I believe in openly and regularly expressing one’s views – and subsequently changing them in light of new information and insights. As the philosopher Charles Sanders Pierce wrote:
“The rationality of the scientific method does not depend on the certainty of its conclusions, but on its self-corrective character: by continued application of the method science can detect and correct its own mistakes, and thus eventually lead us to the discovery of truth”.
Being scientific in one’s worldview lies not in always “using the facts”, but rather in how one approaches the truth. To be scientific is to constantly test one’s currently held ideas, to seek out evidence that would disqualify rather than reaffirm those beliefs, and to wholeheartedly embrace evidence that contradicts those currently held beliefs. It is said that John Maynard Keynes, when accused of changing his opinion on an economic issue by a political opponent, responded as follows: “When the facts change, I change my mind – what do you do, sir?”
But to have this stance becomes increasingly difficult the more fond of my own ideas I am. This is why I try to maintain a “healthy distance” from the ideas I hold. Take the CEO of a company for example. The CEO shouldn’t get too close to his workers because he may one day have to fire some of them. If a day comes where he is forced to lay off a number of employees, then it’s better that he has maintained a professional relationship with them so as to properly assess whom to let go. I am the CEO of a company whose main purpose is truth. My workers are various ideas of the nature of reality and so I must not allow myself to attach myself to any one of them.
This detachment is certainly not easier if you choose to label yourself as a “leftist”, “pro-market”, “green” or “conservative”. I am not claiming that people’s beliefs can’t be categorised but I am questioning the usefulness of doing so. However, I do believe that it is wise to avoid identifying too much with a certain dogma. We, humans, tend to want to conform to the beliefs held by the group to which we belong. That’s how “group-think” is borne. I believe many of the greatest mistakes in human history can be attributed to such dynamics. I recognise that I am most likely not different from the majority of humanity. I too will tend to conform to the ideas and beliefs of whatever group I belong to. Therefore I will avoid all types of ideological ear-markings as long as I possibly can. The man blinded by his love for hammers will see nails everywhere.

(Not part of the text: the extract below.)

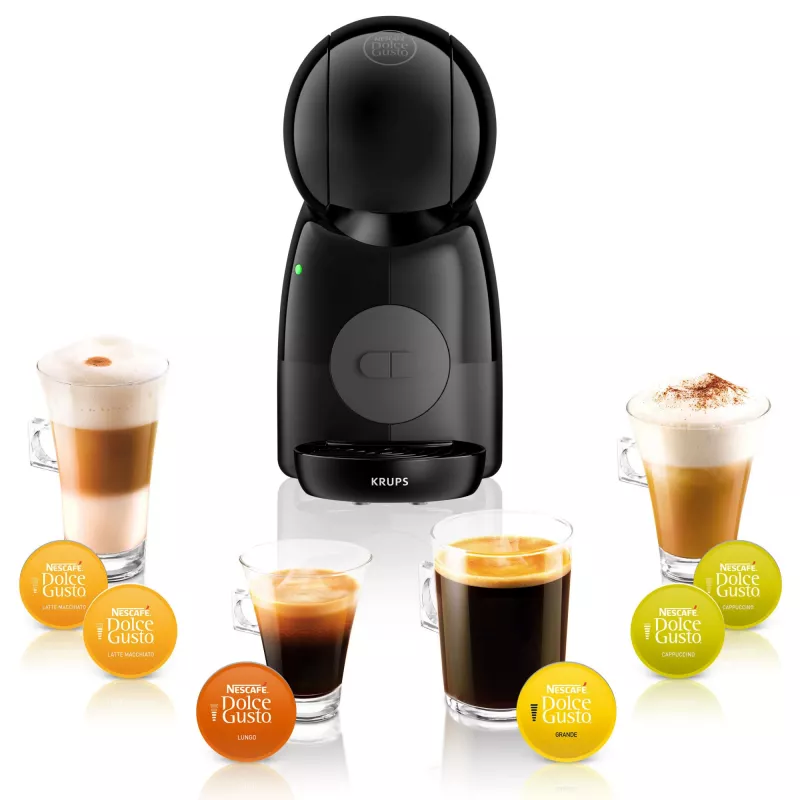 Máquina de café expresso KRUPS Piccolo XS KP1A3B, depósito de água de 0,8 l, cápsulas Dolce Gusto, 1600 W, bancada, preto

To summarise it all. The quest for truth requires us to stay humble to the possibility of us being wrong. There can always be new information out there that would alter our beliefs. But to stay objective and receptive to this new information is difficult. We have biases that make us attached to our current beliefs and many of them are unavoidable. However, the biases arising from belonging to, and self-identifying as part of, a certain ideological group is avoidable. If information is a lethal attack on the group (ideology) to which you subscribe, and the membership of that group (ideology) is part of your identity, then your judgement of this information will be clouded. The very process of labelling myself as being either “X” or “Y” is part of the identity formation which, eventually, could lead to this clouding of judgement that I speak of. So even though other people may categorise me as “X” or “Y”, I will avoid doing so myself because I believe that this will make “X” or “Y” part of my identity. Anything that is part of my identity becomes difficult to renounce in light of new evidence.